[Records from a collection]

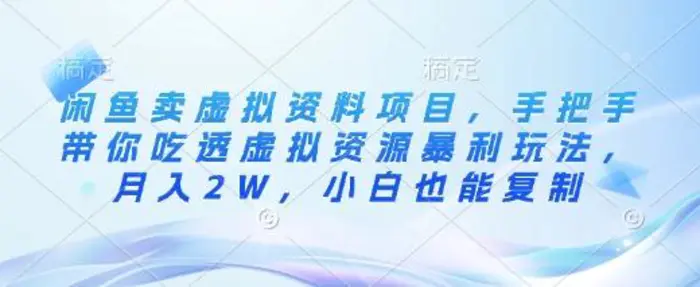 闲鱼卖虚拟资料项目，手把手带你吃透虚拟资源暴利玩法，月入2W，小白也能复制-副业库
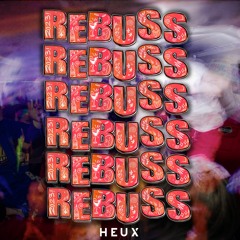 REBUSS - HEUX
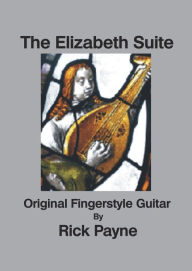 Title: The Elizabeth Suite Original Fingerstyle Guitar, Author: Rick Payne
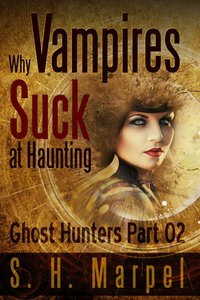 Why Vampires Suck At Haunting - S. H. Marpel - ebook
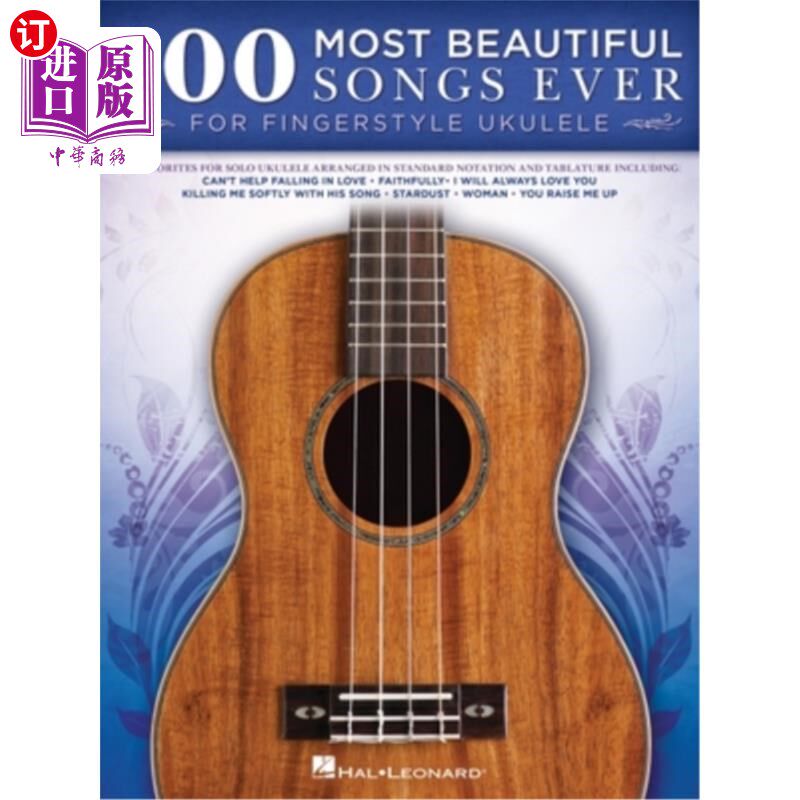 海外直订100 Most Beautiful Songs Ever for Fingerstyle Ukulele - Arrangements in Standard 100首美丽的歌曲为指式尤克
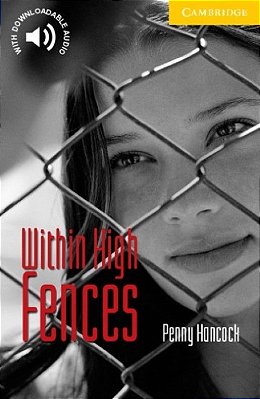 Within High Fences - Cambridge English Readers - Level 2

→ Prompt: Copy out exactly the lines between the line containing "REBUSS - HEUX" and the end of the entries, including both, and leave the pictures behind.

→ Task output:
 REBUSS - HEUX
 Title: The Elizabeth Suite Original Fingerstyle Guitar, Author: Rick Payne
 Why Vampires Suck At Haunting - S. H. Marpel - ebook
 海外直订100 Most Beautiful Songs Ever for Fingerstyle Ukulele - Arrangements in Standard 100首美丽的歌曲为指式尤克
 Within High Fences - Cambridge English Readers - Level 2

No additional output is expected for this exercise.